Черчилль прибыл в Вашингтон с твердым намерением решить все еще открытый вопрос о втором фронте. В течение последних шести месяцев были достигнуты предварительные договоренности о наступлении через Ла-Манш в 1943 году и заключено довольно расплывчатое соглашение о принесении в жертву девяти дивизий в 1942 году в случае, если Россия проиграет войну Германии. Но и Черчилль, и – в меньшей степени – Рузвельт никогда окончательно не отказывались от плана «Гимнаст», подразумевавшего нападение на Северную Африку, хотя они поддерживали план по разным причинам. Стремясь избежать кровавой бойни во время новой мировой войны, Черчилль не хотел вводить войска в Европу до тех пор, пока немецкая армия не будет ослаблена несколькими годами сражений на периферии – в Северной Африке и Италии.
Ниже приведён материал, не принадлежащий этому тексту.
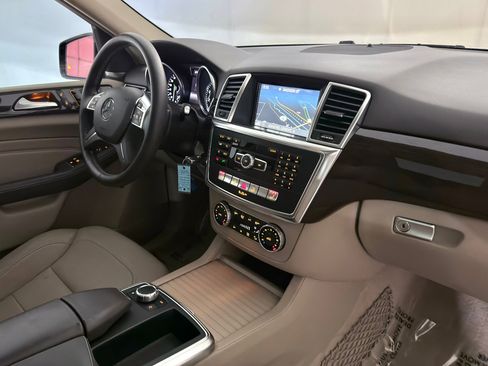 Used 2015 Mercedes-Benz ML 350 4MATIC w/ Premium 1 Package image 26
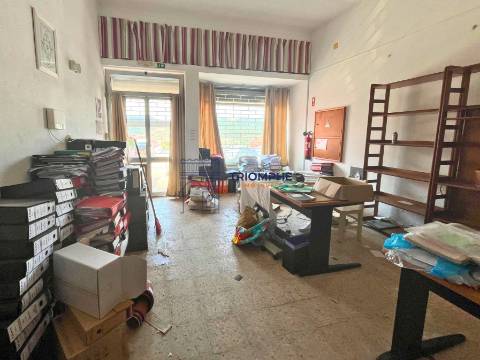 Espaço Comercial de 60 m² - Moninhos, Loures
Рузвельт же хотел побыстрее вступить в бой, а, согласно действовавшему плану, американские солдаты должны были оказаться в Европе не раньше 1943 года.
Утром 18 июня, когда команда Черчилля завтракала на высоте тридцати тысяч футов[213] над Атлантикой, 74-летний военный министр Генри Стимсон и 60-летний генерал Джордж Маршалл составили план того, что можно было бы назвать джентльменским переворотом. Стимсон убедительно обосновал нынешний план войны: крупное наступление через канал в 1943 году и, если события потребуют этого, экстренное наступление в 1942 году. Маршалл одобрил план и разослал копии своим главным советникам, включая Дуайта Эйзенхауэра, готовившегося принять командование американскими войсками в Великобритании, и «Хэпа» Арнольда. Последний распространил письмо, в котором говорилось, что Стимсона поддержали все офицеры, ознакомившиеся с планом. В тот же день копию доставили в Гайд-парк.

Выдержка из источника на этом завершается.